A full-size fridge pulls 100–250 running watts, but surges to 700–1,200 W when the compressor kicks on. Because it cycles on and off, real use is only ~1–2 kWh per day. The surge — not the running watts — is what decides the power station or generator you need.
The short answer
A modern full-size refrigerator uses 100–250 watts while its compressor is running. But that number alone is misleading for two reasons, and both matter if you’re sizing backup power:
- It surges on startup. The compressor is a motor, and motors pull a big inrush of current the moment they start — 700–1,200 W for a second or two on a typical fridge.
- It cycles. The compressor isn’t on continuously. Over a full day it’s actually running maybe a third of the time, so real consumption is ~1–2 kWh/day, not 250 W × 24 h.
Refrigerator wattage by type
Running watts are steady-state draw; surge watts are the brief startup spike. Daily use already accounts for cycling. Figures cross-reference U.S. DOE guidance and Virginia Tech Cooperative Extension appliance data.
| Fridge type | Running W | Surge W | Daily use |
|---|---|---|---|
| Full-size (18–25 cu ft) | 150–250 | 800–1,200 | 1.3–2.0 kWh |
| Mid-size (14–18 cu ft) | 100–200 | 700–1,000 | 1.0–1.5 kWh |
| ENERGY STAR full-size | 80–150 | 600–900 | 0.9–1.3 kWh |
| Mini fridge (3–4.5 cu ft) | 50–100 | 200–400 | 0.2–0.6 kWh |
| 12V camping fridge | 30–45 | 60–90 | 0.2–0.4 kWh |
| Chest freezer | 100–200 | 600–1,000 | 1.0–1.8 kWh |
For the full picture across every household appliance — AC units, microwaves, well pumps, space heaters — see our appliance wattage chart for 50+ devices.

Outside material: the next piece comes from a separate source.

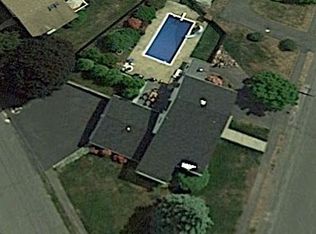 10 Longstreet Rd, Peabody, MA 01960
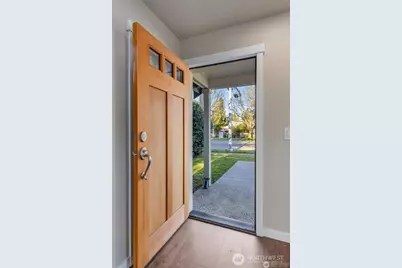 12757 Dayton Avenue N #B, Seattle, WA 98133 - Photo 5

Find your fridge’s exact wattage
Two reliable ways to get your specific model’s number instead of a range:
- The yellow EnergyGuide label gives your fridge’s estimated annual kWh. Divide by 365 for daily kWh, then by 24 for an average continuous watt figure. A 547 kWh/year fridge ≈ 1.5 kWh/day ≈ 62 W average (running watts are higher because it cycles).

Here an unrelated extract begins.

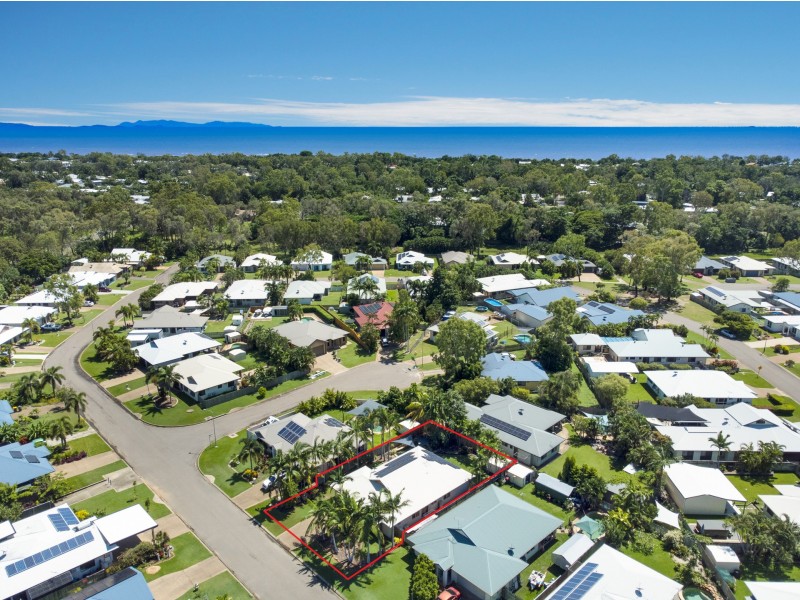 10 Greentree Circuit, Bushland Beach QLD 4818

- The nameplate or a plug-in meter. The spec plate lists volts and amps — multiply them for running watts (120 V × 1.5 A = 180 W). A plug-in energy monitor reads real draw over time, the most accurate option.
The number that sizes your backup power isn’t the 150 watts your fridge runs at — it’s the ~900 watts it demands for one second when the compressor starts.
What size power station or generator do you need?
This is where the surge matters. Your unit has to survive the startup spike, not just the running draw. Rules of thumb:
- Full-size fridge: at least 600 W continuous / 1,200 W surge, and 1,000 Wh+ capacity for useful runtime. A 1 kWh LFP station runs a cycling full-size fridge roughly 7–10 hours.
- Mini fridge: much easier — 300 W continuous handles the running load and surge, and even 256 Wh keeps it cold for a few hours.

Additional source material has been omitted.